From Standard English to Singlish: A Retrieval-Augmented Approach for Code-Switched Creole Generation in Large Language Models
For NLP practitioners working on low-resource code-switched varieties, this work offers a practical, auditable alternative to fine-tuning, though it is incremental as it applies existing RAG techniques to a new domain.
The paper tackles code-switched generation for Singaporean English (Singlish) using a retrieval-augmented generation (RAG) framework that externalizes dialectal knowledge into a curated lexicon. Human evaluation with 164 participants found RAG and zero-shot prompting equally natural and appropriate, with RAG performing minimal substitutions (median 1 edit) and higher semantic preservation (cosine similarity 0.978 vs. 0.926).
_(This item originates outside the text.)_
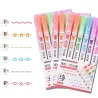 Rullepenner - kunstneriske highlighters - med mønstre - stjerner - linjer - skyer - hjerter - 6 stk.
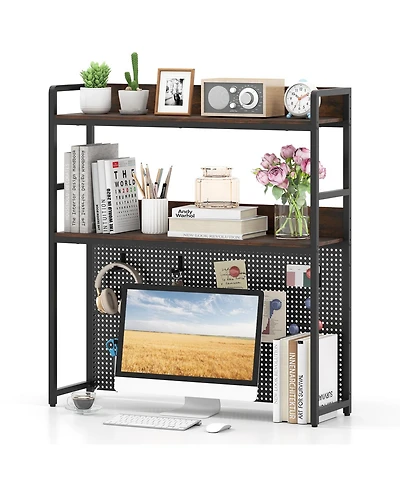 Gymax 2 Tier Countertop Desktop Bookshelf with Metal Pegboard 2 Anti Tipping Devices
Code-switching in contact varieties like Singaporean English (Singlish) challenges natural language generation due to limited parallel data and rapid lexical evolution. We propose a retrieval-augmented generation (RAG) framework that externalizes dialectal knowledge into a curated lexicon, enabling controlled lexical code-switching without fine-tuning. Our approach retrieves candidate Singlish expressions and guides generation through sparse lexical substitution. Human evaluation with 164 Singaporean participants found RAG and zero-shot prompting equally natural and appropriate. Automatic analyses reveal different transformation regimes: zero-shot prompting induces extensive paraphrasing (median 23 token edits), whereas RAG performs minimal substitutions (median 1 edit) with higher semantic preservation (mean cosine similarity 0.978 vs. 0.926). Our results demonstrate that externalizing code-switching into lexical resources enables control and auditability without sacrificing perceived quality, offering practical advantages for rapidly evolving contact varieties.